2) FUK kararının dayandığı ikinci BM kararı, Güvenlik Konseyinin ünlü 242 sayılı kararıydı. İsrail’in işgal ettiği topraklardan çekilmesini öngören,  bölgede mevcut bütün devletlerin  varolma hakkı bulunduğu bildiren, mültecilere adil çözüm getirilmesi gerektiğini söyleyen, ama Filistin halkının devlet kurma hakkından hiç söz etmediği için FKÖ’nün o güne kadar tanımayı reddettiği bu 242’nin  “Filistinlilerin self-determinasyon hakkının tanınması” koşuluyla kabulü, İsrail’in varolma hakkını kabul anlamına geliyordu.

FKÖ böylece, İsrail’in en büyük kozunu elinden almış oluyordu.
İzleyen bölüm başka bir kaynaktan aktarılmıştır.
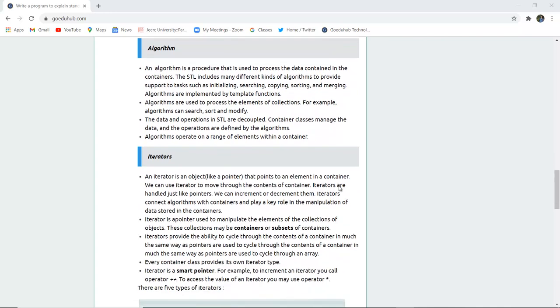Next is algorithm. An algorithm is a procedure that is used to process data contained in containers. The STL includes many different kinds of algorithms to provide support to tasks such as initializing, searching, copying, sorting and merging. Algorithms are implemented by template functions. Algorithms are used to process the elements of collections. For example, algorithms can search, sort and modify the collection of elements.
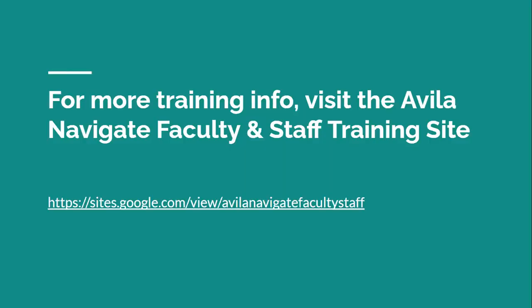And that's it. That is how you set up an appointment campaign and then a couple ways to check in and see how it's going after you've already sent it out. Feel free to let us know if you have any questions. You can always visit our Avila Navigate Faculty and Staff training site online and it has best practices and other videos for training and different things of that nature. So please let us know if you have any questions and have a good day.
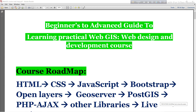Hi and welcome. Today I will start a new course in Web GIS. Mainly in this course I will try to discuss Web GIS, web design, and development. I hope after completing this course you will be able to work with Web GIS as well as web design and development.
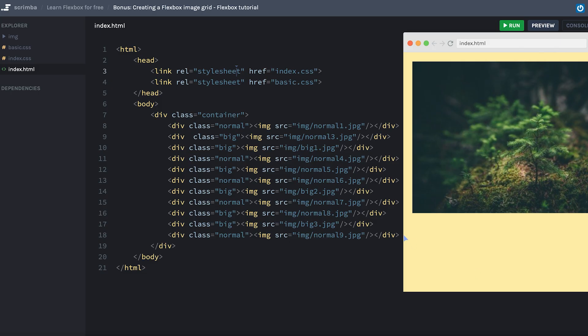Hey, and welcome to this bonus lecture where we are simply going to experiment a little bit with an image grid in Flexbox.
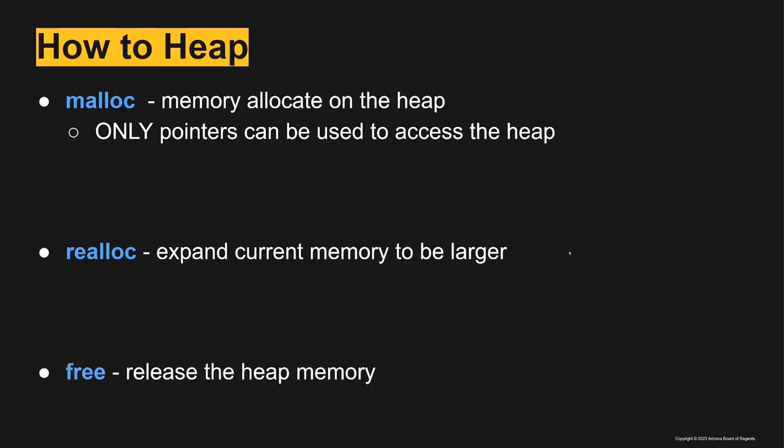If we want to increase the size that's allocated of a specific memory area, we can use realloc to reallocate that memory. Then free releases heap memory. If you malloc you must free, otherwise you will eventually, especially if it's in a loop, run out of space.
Çünkü, İsrail’in en büyük dayanağı ABD, FKÖ’yle diyalog kurmak için en başta bu önkoşulu ileri sürmekteydi. FUK ayrıca, ABD’nin Kissinger zamanından beri (1975) FKÖ’yle diyalog kurmak için ileri sürdüğü diğer iki koşulu da (İsrail’i açıkça tanımak, terorizmi reddetmek) kabul etti. Bunun yanı sıra, FKÖ eylemlerinin yalnızca “işgal altındaki topraklar”la sınırlanacağı, yani İsrail topraklarının saldırı dışı kalacağı bildirildi. Bunların yanı sıra Arafat, Filistin temel yasasını “eskimiş” ilan etti.

Bütün bu gelişmeler karşısında ABD (önce epey bir nazlandıktan, Arafat’a New York için vize vermeme zontalığını gösterdikten ve bu yüzden de görüşmelerin Cenevre’ye alınmasına yol açtıktan sonra), sonunda Aralık 1988’de resmî temaslara razı oldu. Arafat çok büyük bir adım daha atmıştı. Fakat, daha gidilecek çook yolun bulunduğunu, bu yolun da iniş-çıkış bakımından eskisine taş çıkartacağını yaşayan görecekti.